Applying the cosine law on $\triangle \mathit{ACF}$, we get
$$
\cos(d\theta) = \frac{L^2 + L^2 - \lvert \mathit{CF} \rvert^2}{2^{\vphantom{2}}\!\;\! L^2} \implies \lvert \mathit{CF} \rvert = 2L\sin\left(\frac{d\theta}{2}\right).
$$
Examining $\triangle \mathit{ACD}$, we have
$$\tan(d\theta) = \frac{\lvert \mathit{CD} \rvert }{ L } \implies \lvert \mathit{CD} \rvert = \frac{2L\tan
\left(\frac{d\theta}{2}\right)}{1^\vphantom{2}\! - \tan^2 \left(\frac{d\theta}{2}\right)}.
$$
Thus,
$$
\frac{\lvert \mathit{CF} \rvert}{\lvert \mathit{CD} \rvert} = \cos\left(\frac{d\theta}{2}\right) \cdot \left(1 - \tan^2\left(\frac{d\theta}{2}\right)\right).
$$
As $d\theta$ tends to $0$ the RHS tends to $1$, so $\lvert \mathit{CF} \rvert$ and $\lvert \mathit{CD} \rvert$ are ultimately equal.

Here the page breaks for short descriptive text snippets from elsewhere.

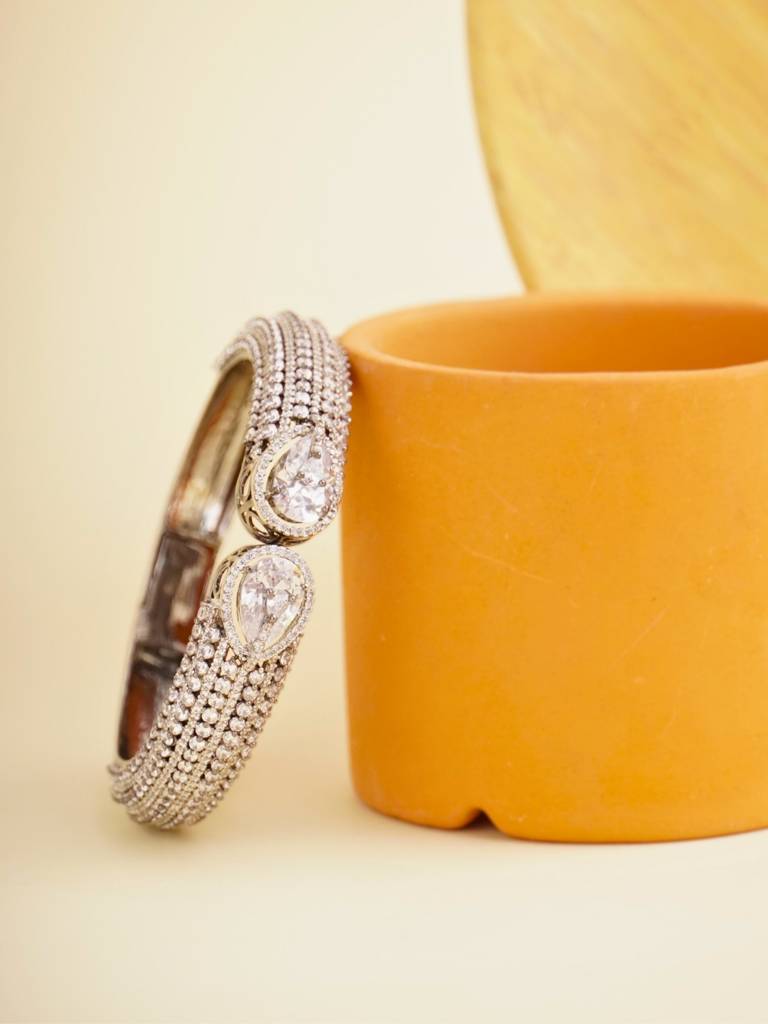 Diamante Brilliant Cuff Bracelet : WFBC351
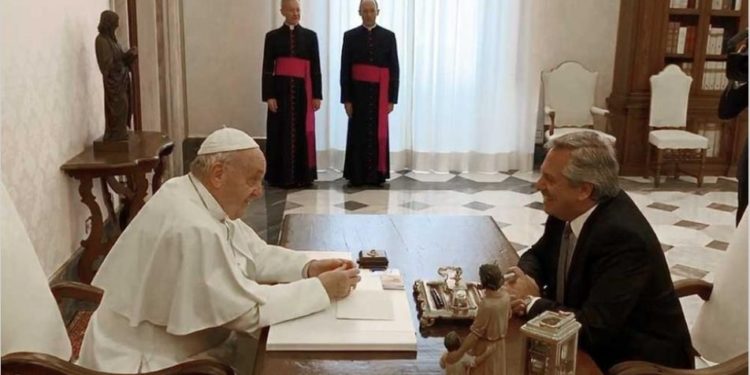 Alberto Fernández y el papa Francisco se reunieron en el Vaticano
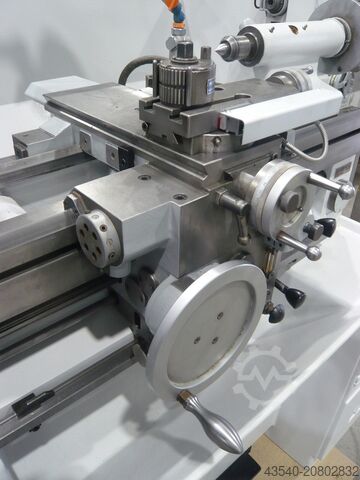Leit-/Zugspindeldrehmaschine Schaublin 135 mit Zubehör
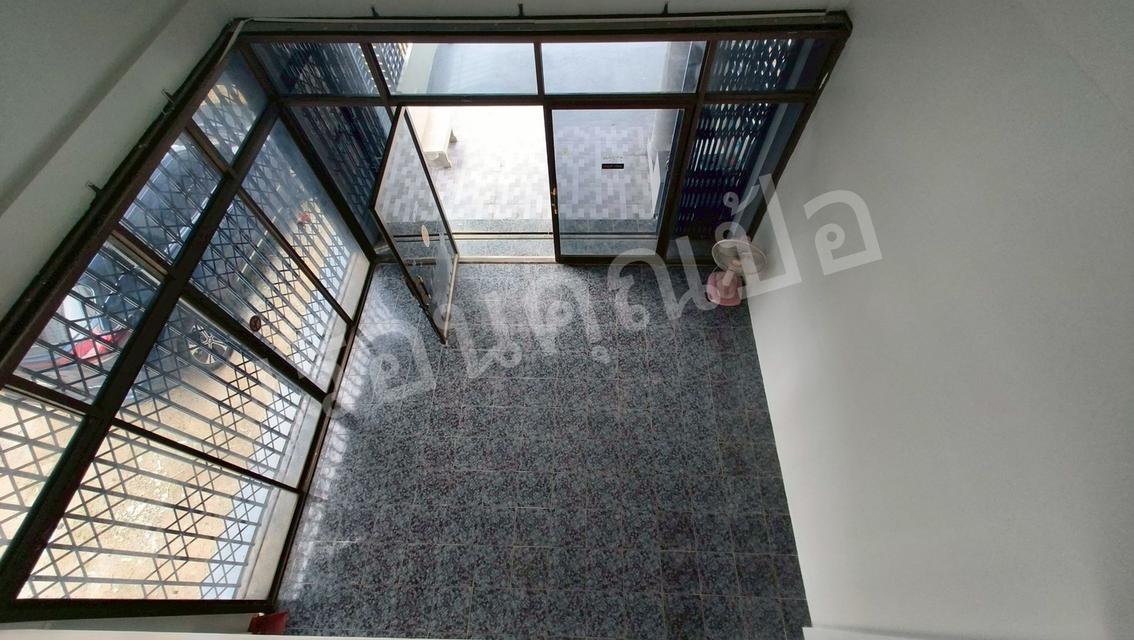 ขายอาคารพาณิชย์ ทำเลทอง ใจกลางเมืองอุทัยธานี 11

To summarise, the ratio $\dfrac{\lvert \mathit{CE} \rvert}{\lvert \mathit{CD} \rvert}$ is ultimately equal to $\dfrac{\lvert \mathit{AC} \rvert}{\lvert \mathit{AB} \rvert}$ because $\triangle \mathit{CDE}$ is ultimately similar to $\triangle \mathit{ABC}$, and $\lvert \mathit{CD} \rvert$ is ultimately equal to $L\, d\theta$. Thus, $\dfrac{dT}{L\, d\theta}$ is ultimately equal to $\dfrac{L}{1}$, so we get
$$
\frac{dT}{d\theta} = L^2 = 1 + T^2
$$
in the limit as $d\theta \to 0$.

The reference to Chandrasekhar [1995] mentioned in footnote 7 in the quote at the beginning is listed on page 574 as follows: S. Chandrasekhar (1995), Newton's Principia for the Common Reader. Clarendon Press, Oxford.